Trump declares Iran sanctions will be tightened to counter its ‘bloodlust’

President Trump pledged to continue tightening economic sanctions on Iran, citing a recent attack on Saudi Arabian oil facilities as evidence of the need to cut off funding for the regime.

“The United States does not seek conflict with any other nation,” Trump said during his address Tuesday at the United Nations General Assembly in New York. “We desire peace, cooperation, and mutual gain with all. But I will never fail to defend America’s interests.”

U.S. and European allies have blamed Iran for the Sept. 14 attack on two facilities run by Saudi Arabia’s state-owned oil company, Aramco. The incident, which the U.S. believes was launched directly from Iran, spurred speculation that Trump might order a retaliatory military strike. But Trump cited the incident to prod defenders of the 2015 nuclear deal to increase their own pressure on the regime.

“No responsible government should subsidize Iran’s bloodlust,” Trump said.

Trump has struggled to convince western European allies to join his maximum pressure sanctions strategy against Iran, a campaign launched after the president withdrew from the 2015 Iran nuclear deal last year. The three European signatories to the deal — France, Germany, and the United Kingdom — believe the pact defused a nuclear crisis in the Middle East, and so they have urged Tehran to remain in the deal while trying to find a way to deliver economic relief to Iran.

Trump, who seemed open to extending Iran a “letter of credit” last month following the G-7 Summit in France, shot down the idea of any sanctions relief.

“As long as Iran’s menacing behavior continues, sanctions will not be lifted,” Trump said. “They will be tightened.”

Iran responded to the tightening of U.S. sanctions in May with a series of attacks on foreign-flagged oil tankers in the Persian Gulf, followed by the regime’s first public violations of the nuclear deal. Iranian President Hassan Rouhani, who helped negotiate the deal in 2015 and has declared that Iran won’t allow international shipping through the Straits of Hormuz if U.S. sanctions on the oil industry aren’t lifted, is expected to take a defiant tone during his own address at the U.N. this week.

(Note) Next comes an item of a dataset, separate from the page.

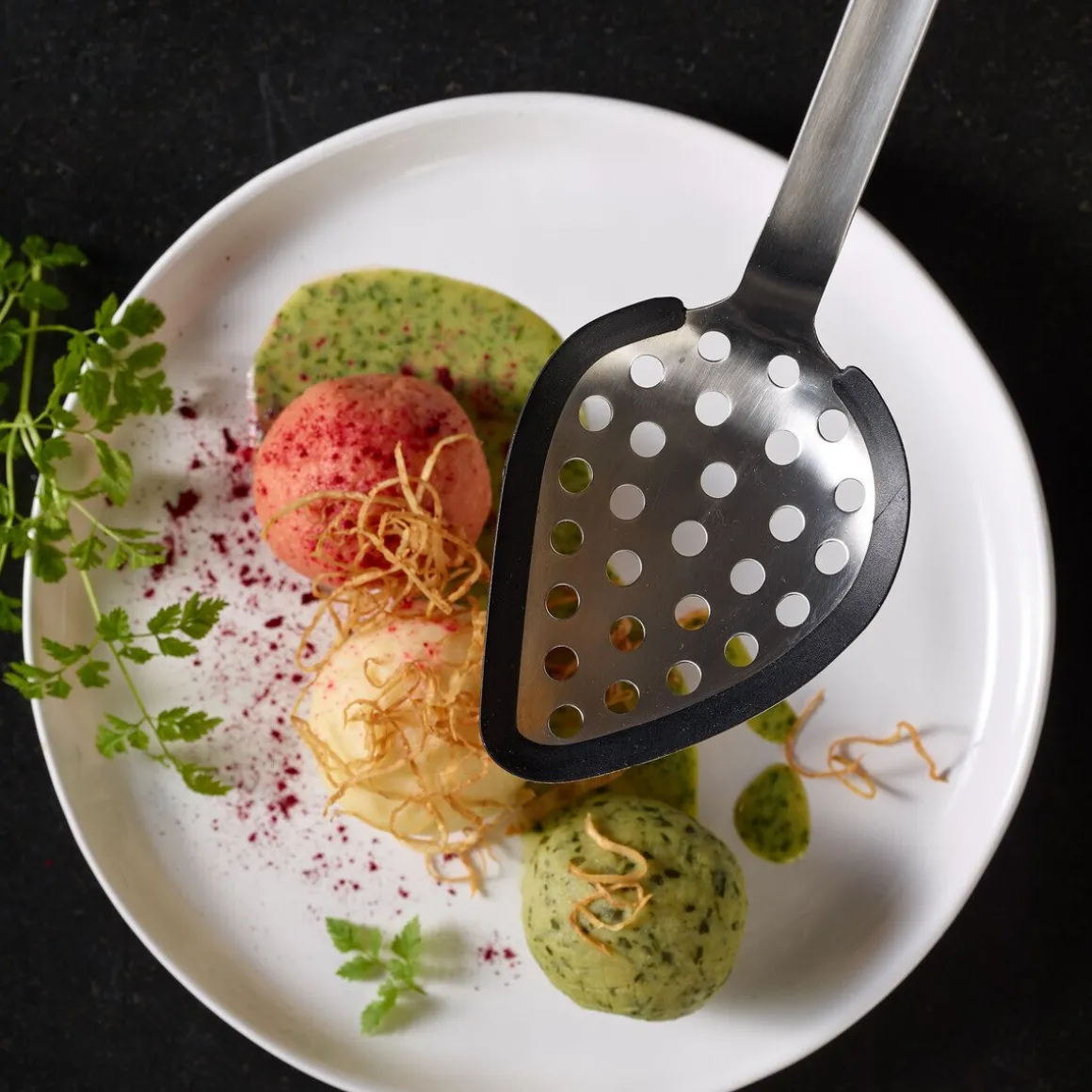 RösleMultifunktionslöffel Rundgriff mit Silikonrand 34,5cm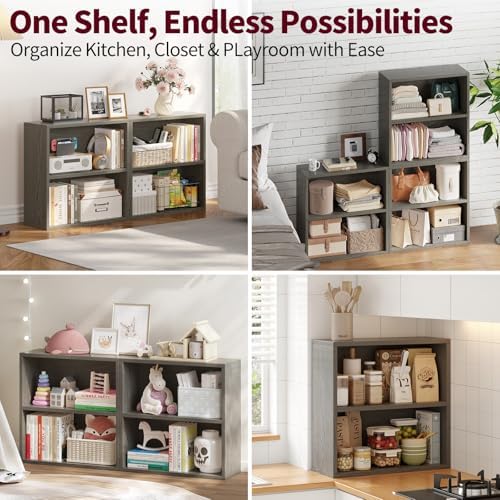 2-Tier Bookshelf Storage Shelves, 23.7 Inch Open Shelf Bookcase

“Our nation is a nation of resistance, perseverance, and wants all sides to return to their commitments and to the law,” Rouhani said Monday, per state-run media.

Trump, calling for the Iranian leaders to negotiate a new agreement that would put additional restrictions on the regime’s nuclear weapons and ballistic missile program, maintained that such defiance will backfire.

“Iran’s leaders will have turned a proud nation into just another cautionary tale of what happens when a ruling class abandons its people and embarks on a crusade for personal power and riches,” he said.